Самое смешное, что под фамилией «Бубукин» (с добавлением, правда, что по профессии дачный «Бубукин» – инженер) наш переделкинский сосед в итоге вошел в историю. Поэт Евгений Евтушенко тоже участвовал в матчах на поляне – и придал, что свойственно ему, масштаб этим скромным соревнованиям, пригласив в одно из воскресений к себе Хомича и Сальникова. Благодаря чему местный «Бубукин» получил шанс выступить вместе со звездами. Но партнерством с классиками футбола и литературы дело не ограничилось. В 1991-м, в день противостояния у Белого дома, Евтушенко во время утренней пробежки встретил «Бубукина»…»

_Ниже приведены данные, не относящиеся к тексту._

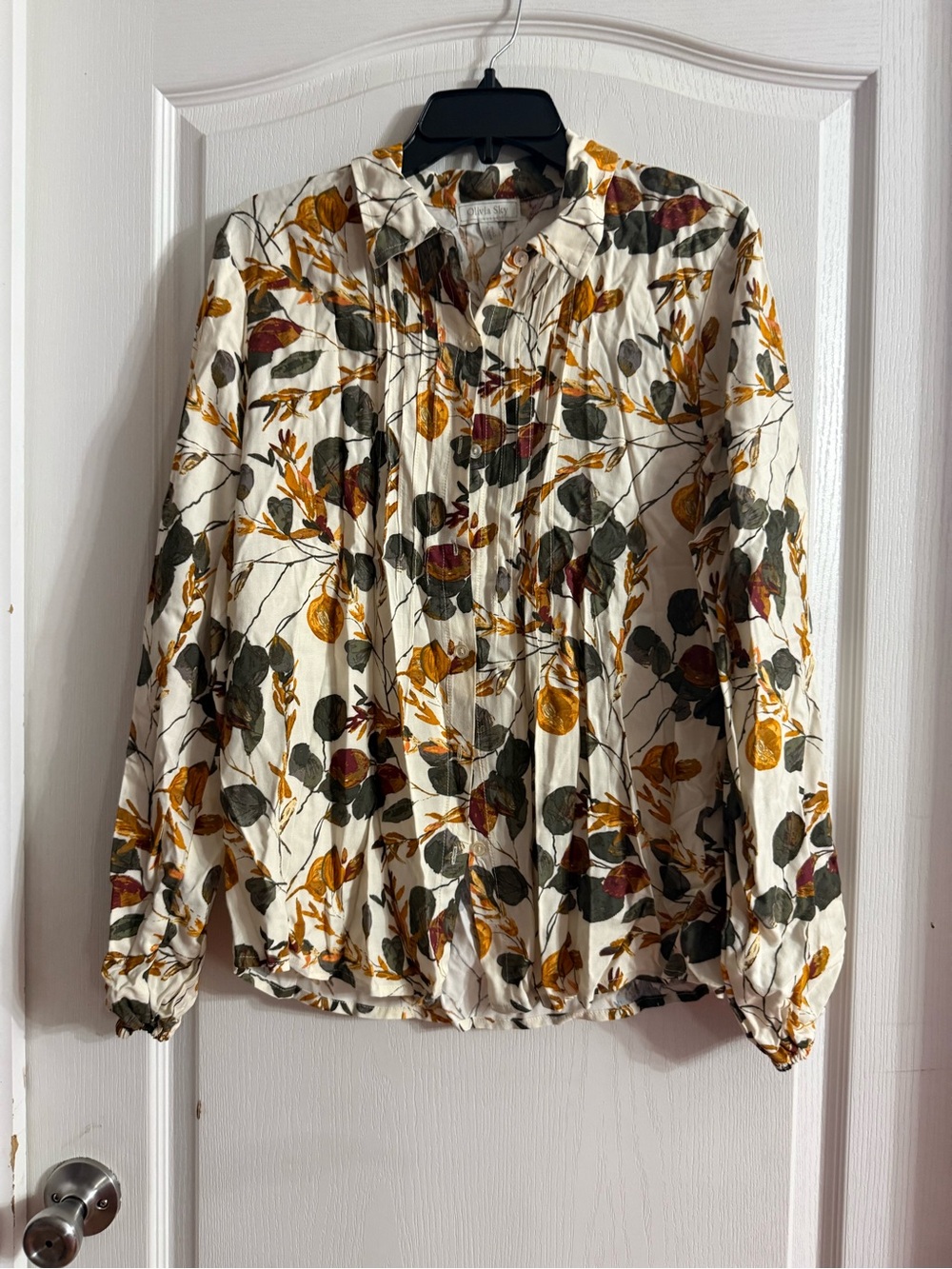 Olivia Sky Women’s Leaf Fall Button Up Sz L. SP-64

«…Какой реформатор в России не становился или жертвой своих реформ, или… или их палачом. Так размышлял я на пробежке в переделкинском утреннем лесу, перепрыгивая мощные жилы корней, проступающие на тропинке, и вдруг увидел в зеленом тоннеле просеки бегущую ко мне навстречу фигурку в красной выцветшей майке, в шортах, потерявших цвет, из под которых торчали обутые в кеды, просящие каши, резко и деловито работающие ноги с футбольными – негромоздкими, но впечатляющими мускулами, покрытыми золотой шерстью, как елочной канителью. Вокруг головы распространялось некое мерцание, как на картинке из дореволюционной рождественской «Нивы». По мере приближения я определил, что мерцание располагалось не вокруг головы, а на самой голове и, следовательно, к разновидности ореолов не принадлежало. Это была красноватая, полированная лысина, на которую природа швырнула полную горсть веснушек, окружив их, как золотым венчиком, остатками когда-то пышных кудрей.